おいしいですよね、あのお米、と私は冗談ではなく真面目にそう返しそうになりました。
メイドインアビスの第一話だけ読んで、ミッドサマーでホルガ村到着のシーンだけ見て、きっとこの作品は明るくてわくわくする世界が広がっているんだろうなと疑わない無邪気さ。

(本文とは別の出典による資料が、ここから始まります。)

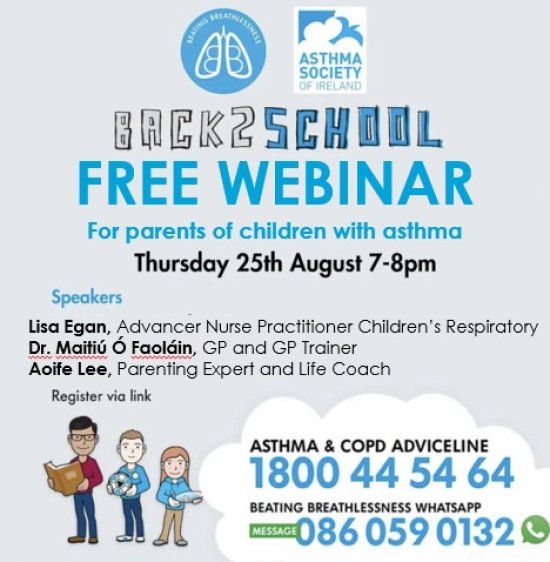 Back To School Free Webinar for parents of children with asthma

その先を知るのは、早坂さんと結婚できないと理解するよりも残酷なのかもしれません。
もう一日、時間をくださいと伝えてその日の業務は完了。
帰宅後、頭から離れないのは彼のことよりも自分のこと。
作品との向きあい方について。
思えば、自分もかつては物語のキャラクターたちに恋をしていました。
それは純粋で本気の恋。
学校だろうとどこだろうと、頭の中はその人のことばかり。
苦しくて、どうにかなりそうな日々。
原作ではその人に意中の相手がいるとか、そういうのはどうでもいい。
想像の中での、絶対的な独占欲。
いつしか、そういうのは消えてしまっていました。
作品を楽しむ気持ちは今でも人一倍あります。
しかし、例えば二十年前、こっそり深夜アニメを見て、こっそりネットに侵入して、とめどなくあふれる考察という名の妄想を書き連ね、誰かの二次創作を読みあさり、一睡もしていないのに満たされた表情で登校していたあの少年はどこにいったのでしょうか?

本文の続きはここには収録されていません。